Un estudio desvincula el aumento de peso del metabolismo, que incluso durante el embarazo se mantiene estable. Su comportamiento durante la vida parece no coincidir con fases como la pubertad o la menopausia.

El metabolismo es el conjunto de raciones químicas que suceden en las células del cuerpo para convertir los alimentos en energía. Pero más allá de su definición, conforme el cuerpo envejece pierde potencial para quemar calorías, siendo el metabolismo el gran culpable del aumento de peso en las personas.

De acuerdo con un estudio publicado en el portal Science, titulado Taking the long view on metabolism, esa creencia no es del todo cierta. de hecho, divide la vida en cuatro etapas para explicar el funcionamiento del metabolismo: en el primer año de vida aumenta para completar el desarrollo de sus sistemas, disminuye hasta los 20 años, se mantiene estable hasta los 60 y se reduce en la tercera edad.

Herman Pontzer, de la Universidad de Duke, Estados Unidos, es el autor principal del estudio. Para ello recabó información de 6.500 personas con edades entre los 8 años de vida y los 95 años. Además de hacer la división de las cuatro etapas antes mencionadas, apunta que, según la investigación no habría diferencias reales entre las tasas metabólicas de hombres y mujeres en condiciones similares.

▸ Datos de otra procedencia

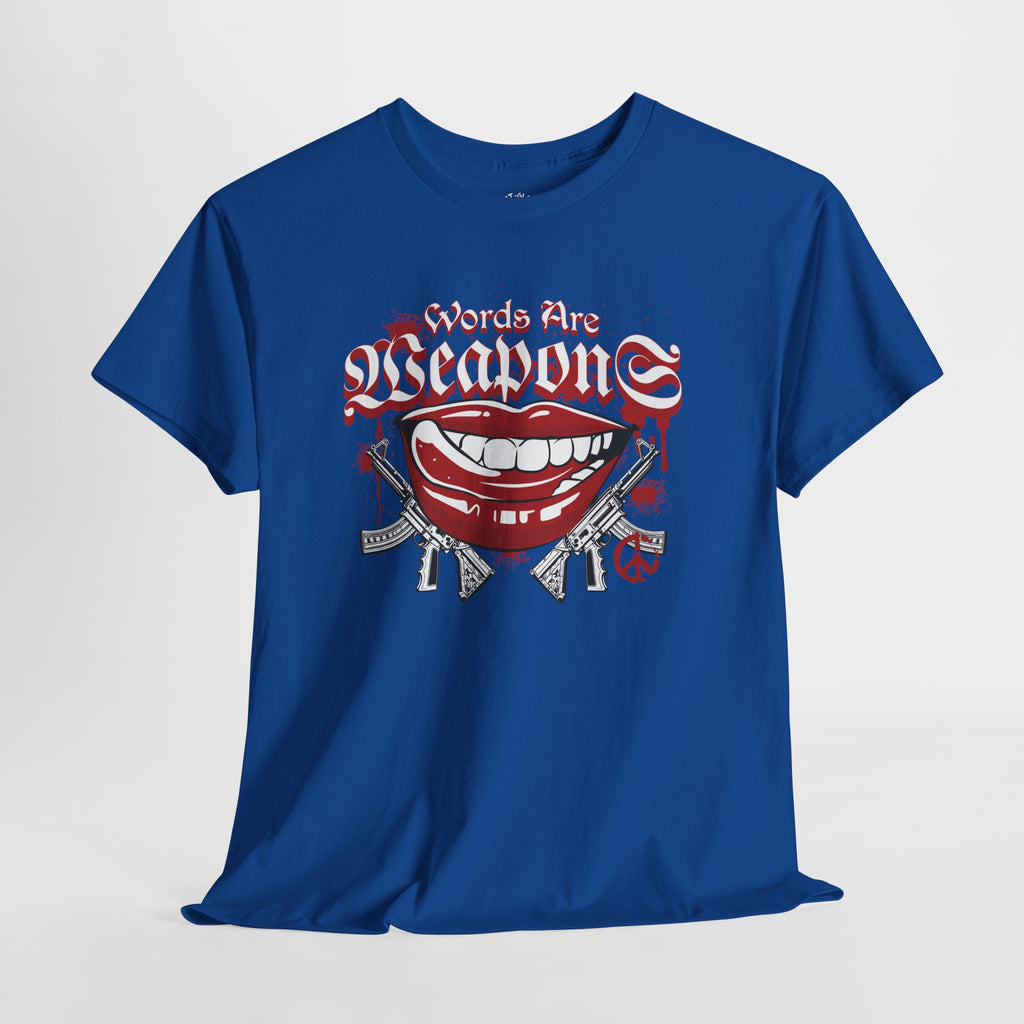Words Are Weapons Tee — Graphic Statement T‑Shirt with Red Lips & Guns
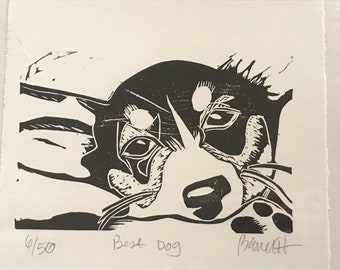 Best Dog - original woodblock print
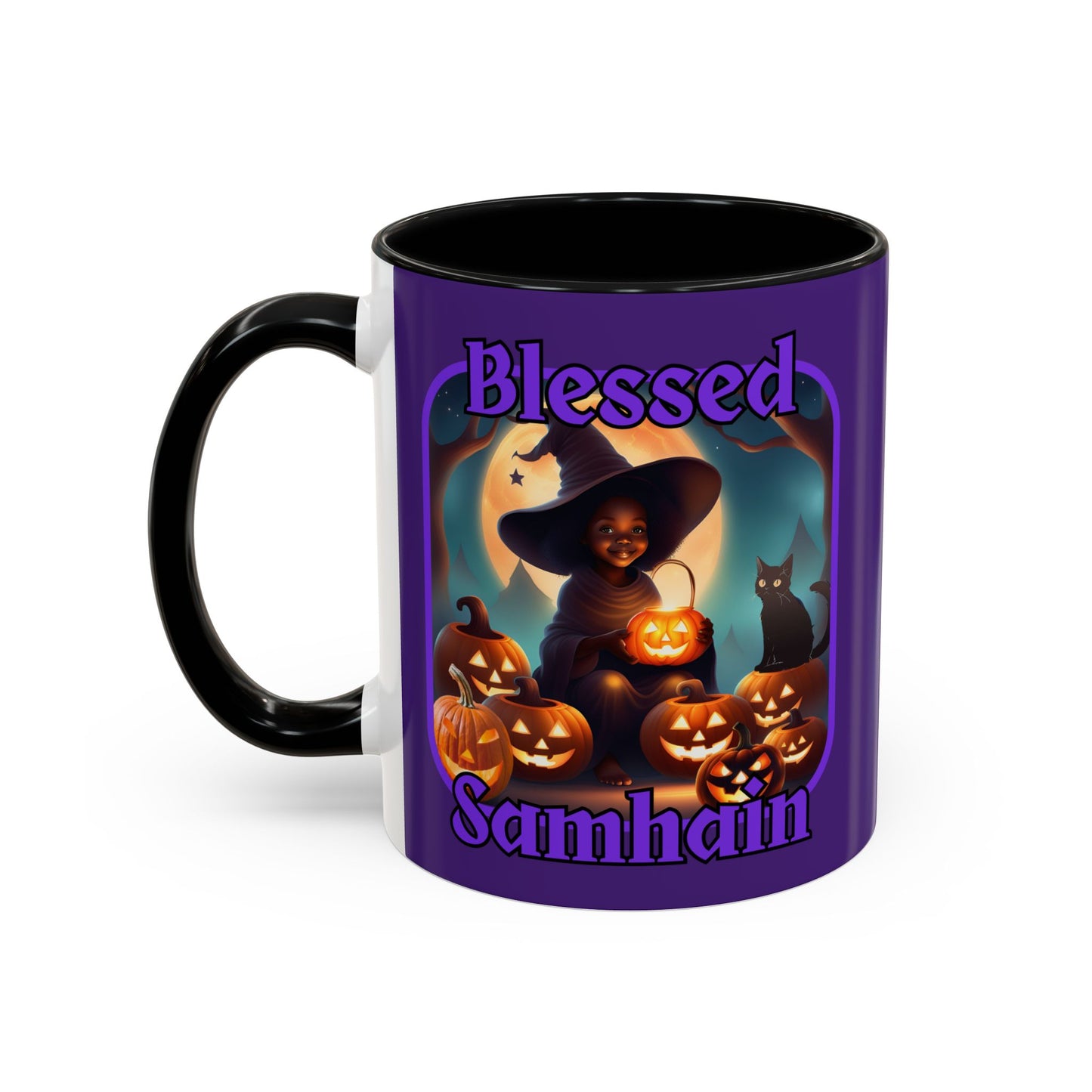 Blessed Samhain Cute Witch Purple font Purple Accent Mug by CreepyCrafts.boo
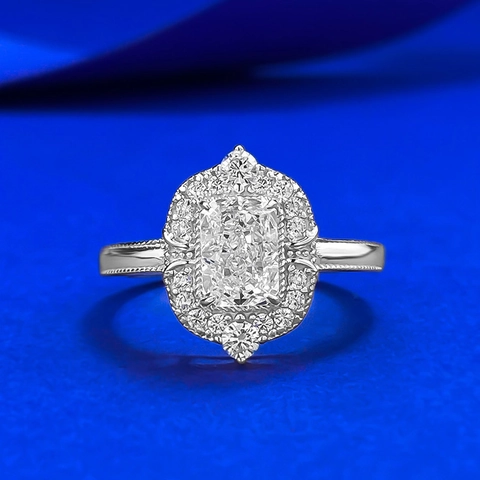 Luxury 925 Sterling Silver Halo Ring For Women Rectangular Cushion Cut White Rhinestone Vintage Engagement Wedding Band Jewelry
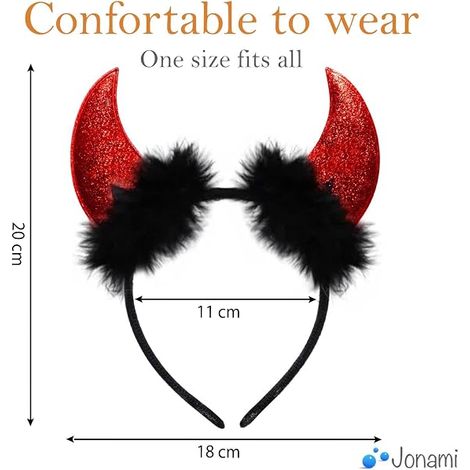 Serre-tête cornes de taureau pour Halloween, plumes de diable rouges, serre-tête pour spectacle de fête d'Halloween, serre-tête diable, pince à cheveux (1/4)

Desvinculan el aumento de peso

Por su parte, el director del Centro de Nutrición Humana de la Facultad de Medicina de la Universidad de Washington, Samuel Klein, apunta que dicho estudio desvincula el aumento de peso del metabolismo, y la explicación es muy sencilla: «El problema es el mismo cuando se trata de aumento de peso: las personas consumen más calorías de las que queman».

En el caso de los bebés, debido a su crecimiento, su gasto energético se dispara más de lo que cabría esperar para su tamaño y composición corporal. Sin embargo, se desconoce aún qué es lo que sucede al interior de sus células para hacerlas más activas. En cualquier caso, el metabolismo de los bebés puede explicar en parte la relación entre comer lo suficiente durante esa etapa de la vida y las probabilidades de convertirse en adultos sanos.

En comparación, un recién nacido gasta diariamente el doble del valor medio de los adultos, y después de un año, disminuye hasta alcanzar niveles que entre los 20 y los 60 se mantiene estable.

El metabolismo se mantiene estable

«Incluso durante el embarazo», señala Pontzer. Dentro de los muchos cambios fisiológicos que se producen al crecer y envejecer, el metabolismo acelerado de los bebés disminuye una media de 3 por ciento cada año hasta llegar a los 20 y «ni siquiera la adolescencia altera esta progresión», apunta.

Así, el gasto energético se mantiene estable hasta los 60 años, y es a partir de ahí que empieza a perder fuerza: 0.7 por ciento de capacidad, por lo tanto, una persona de 90 años necesita un 26 por ciento menos de calorías que cuarenta años antes, enfatiza.